_ACTIVITY_
A faithful copy is required of the lines from the top of the entries through the line that contains "No war - Closable", both included, with no pictures.

_RECORDS FOR THE TASK_

***

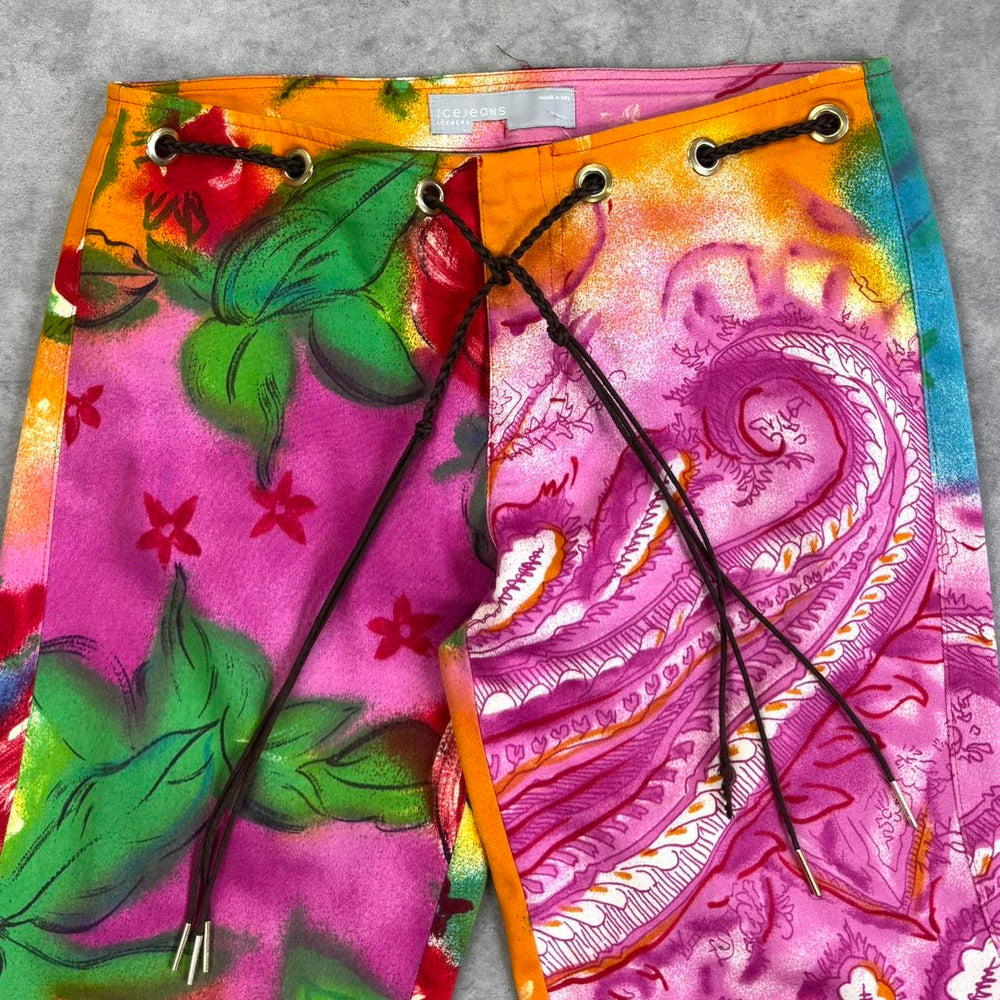 Vintage Iceberg print trousers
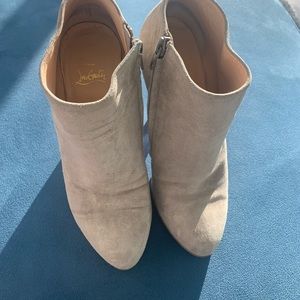 Christian Louboutin Belle Gray Suede Beautiful booties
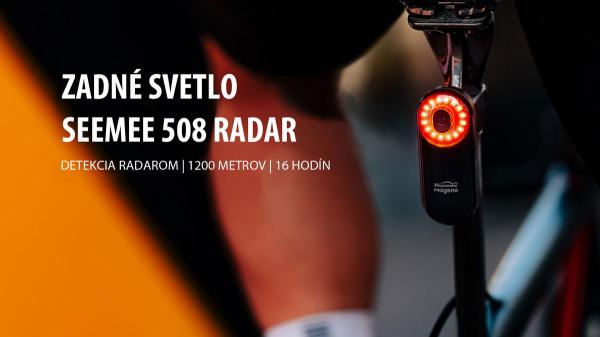 Svetlo L508 RADAR zadné 7f USB čierne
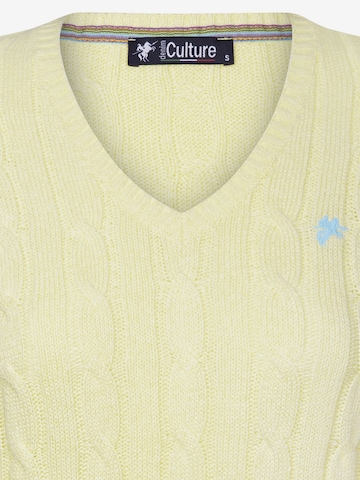 DENIM CULTURE Sweater 'Perla' in Yellow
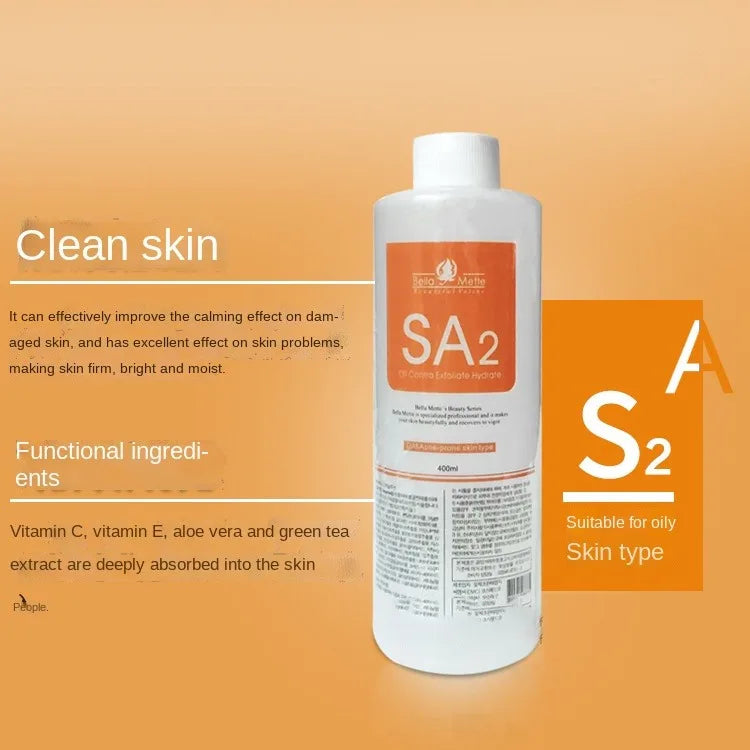 Skincare Face Serum Hydro Facial Aqua Peel Solution 400ml AS1 SA2 AO3 For Machine Skin Deep Cleaning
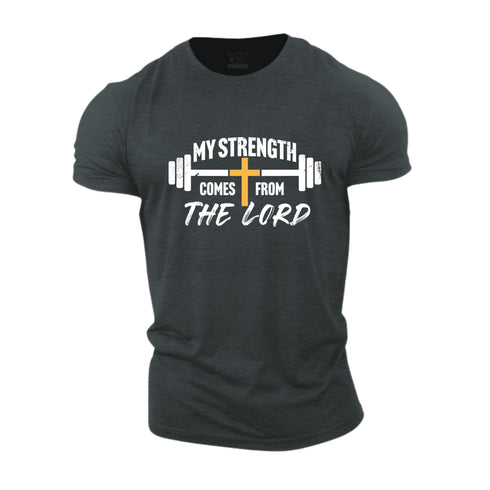 Men's My Strength Comes From The Lord Cotton T-Shirt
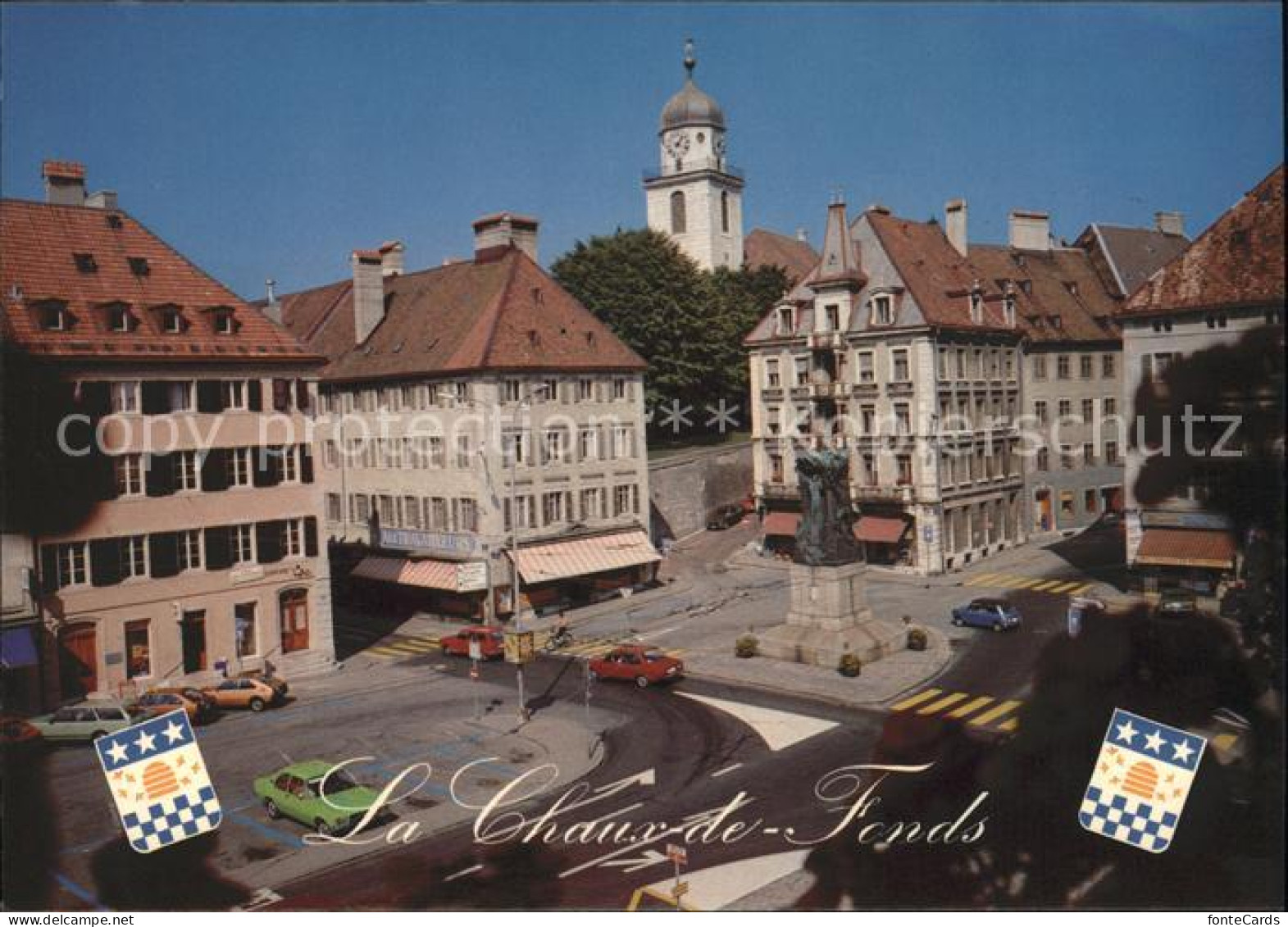 11701576 La Chaux-de-Fonds Place De L Hotel De Ville La Chaux-de-Fonds - Autres & Non Classés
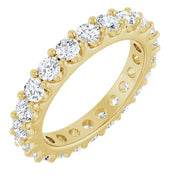 14K Yellow 2 CTW Diamond Eternity Band Size 7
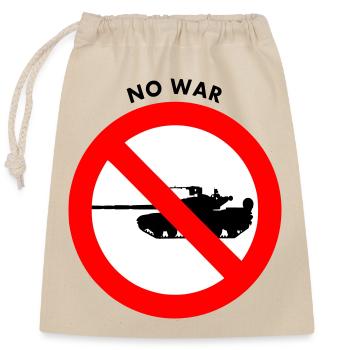 No war - Closable cotton gift bag (25x30cm) - nature - Front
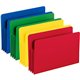 Smead Straight Tab Cut Legal File Pocket - 8 1/2" x 14" - 3 1/2" Expansion - Polypropylene - Blue, Green, Red, Yellow - 4 / Pack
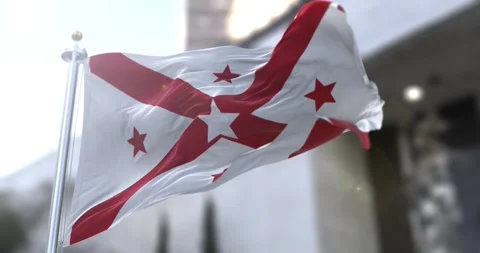 Alabama centennial flag waving-seamless-loop-4k-60fps Stock Footage 345557108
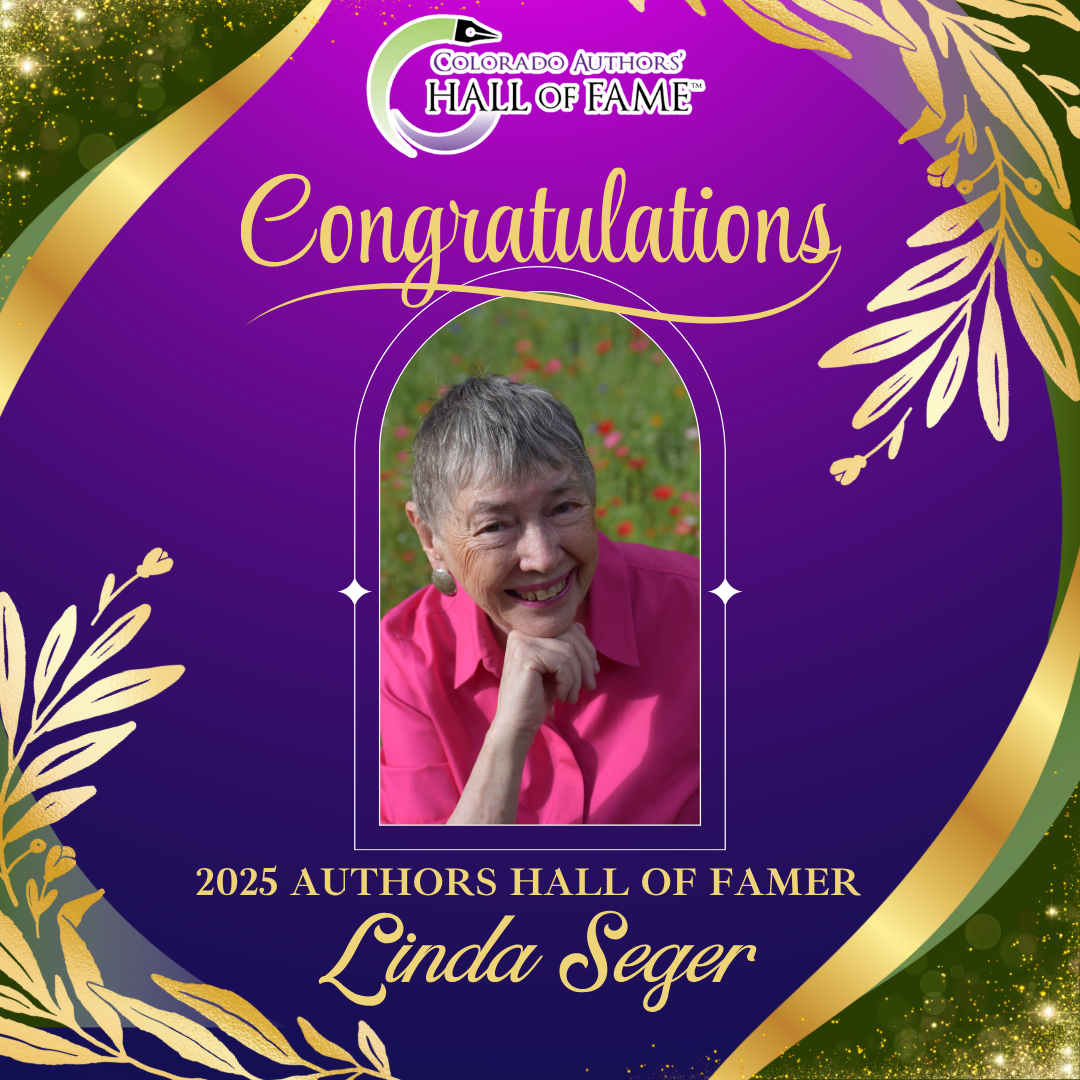 A poster that says congratulations Linda Seger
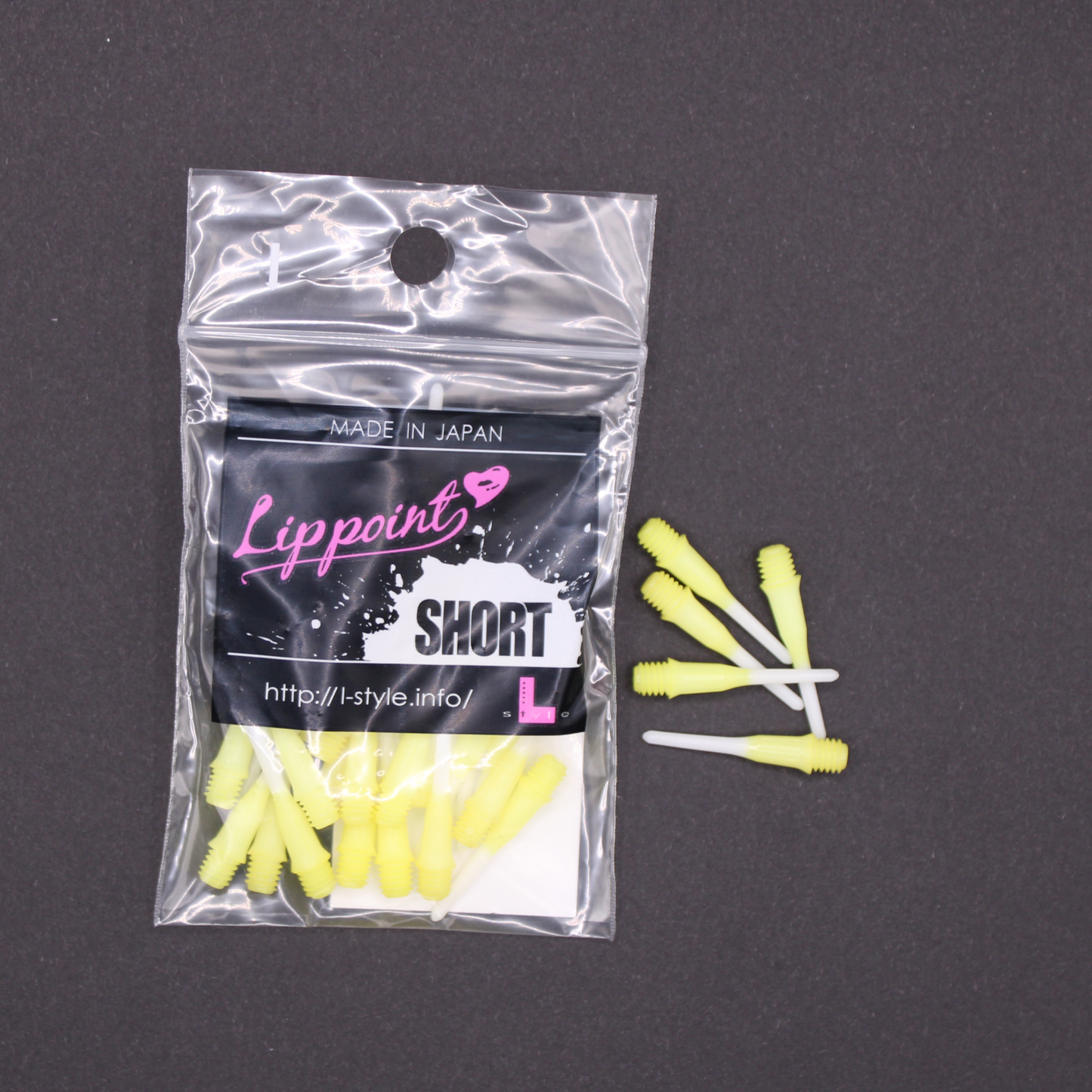 Softdart Spitzen L-Style LIPPOINT SHORT TwoTone Yellow 30stk.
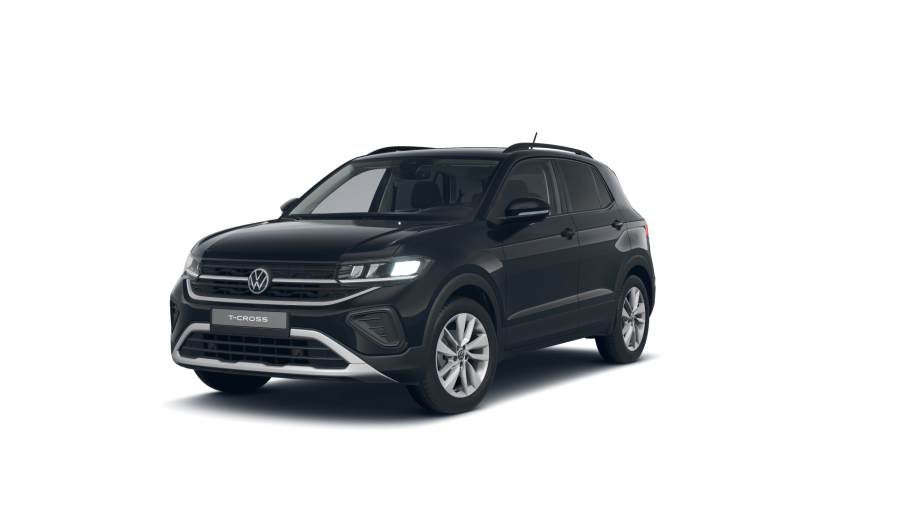 Volkswagen T-Cross, T-Cross People 1.0 TSI 70 kW 5G, barva černá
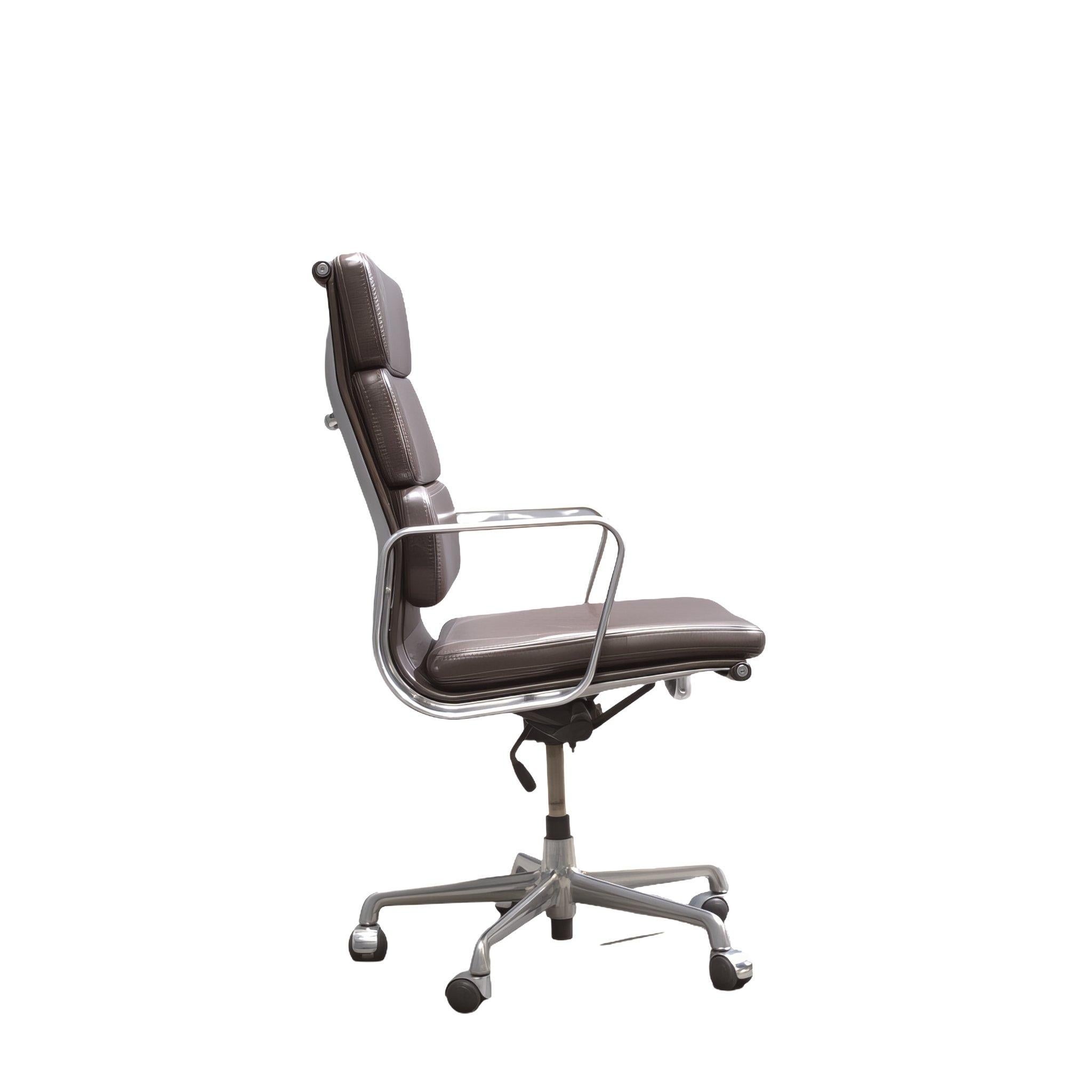 American Eames EA219 Soft Pad  High Back Leather Office Chair by ICF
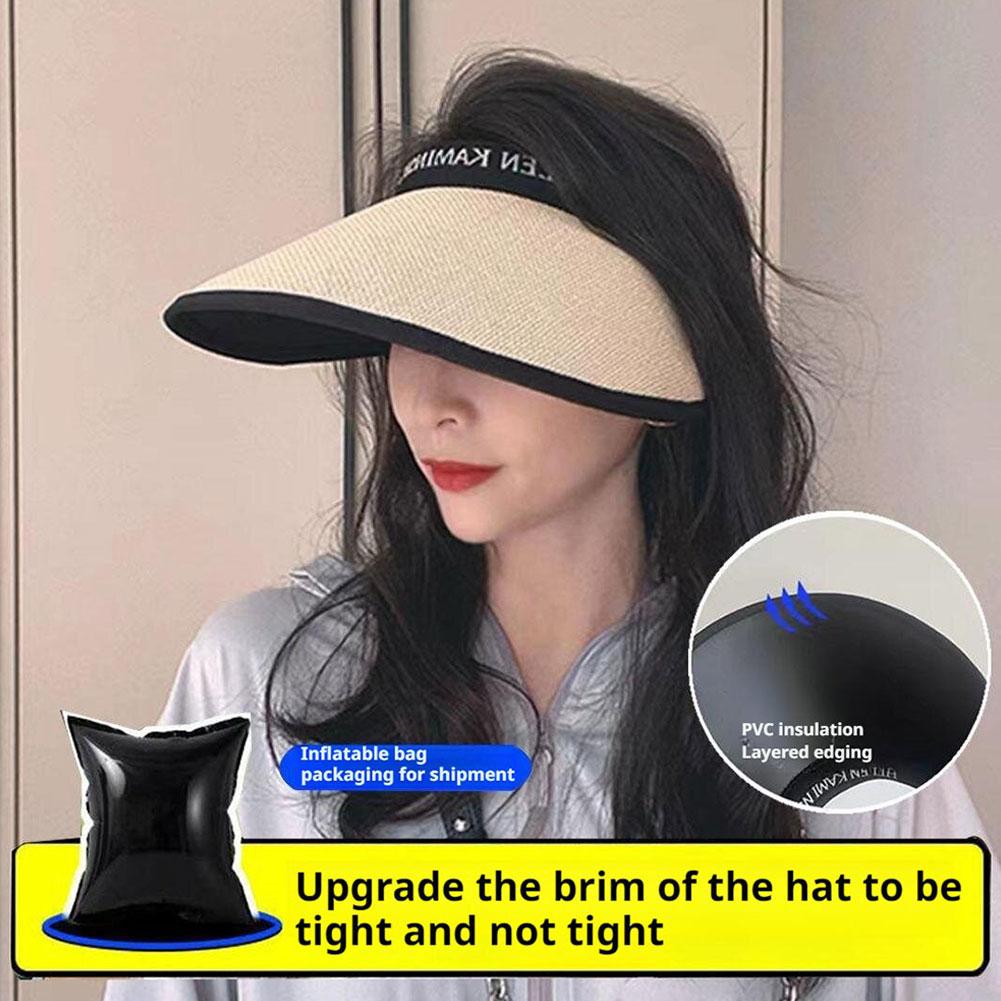 Summer Straw Hat For Women Foldable Wide Large Brim Hat Beach Bowknot UV Hat Chapeau Sun Travel H1D1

***

_WRITTEN ANSWER_
 Vintage Iceberg print trousers
 Christian Louboutin Belle Gray Suede Beautiful booties
 Svetlo L508 RADAR zadné 7f USB čierne
 DENIM CULTURE Sweater 'Perla' in Yellow
 Skincare Face Serum Hydro Facial Aqua Peel Solution 400ml AS1 SA2 AO3 For Machine Skin Deep Cleaning
 Men's My Strength Comes From The Lord Cotton T-Shirt
 11701576 La Chaux-de-Fonds Place De L Hotel De Ville La Chaux-de-Fonds - Autres & Non Classés
 14K Yellow 2 CTW Diamond Eternity Band Size 7
 No war - Closable cotton gift bag (25x30cm) - nature - Front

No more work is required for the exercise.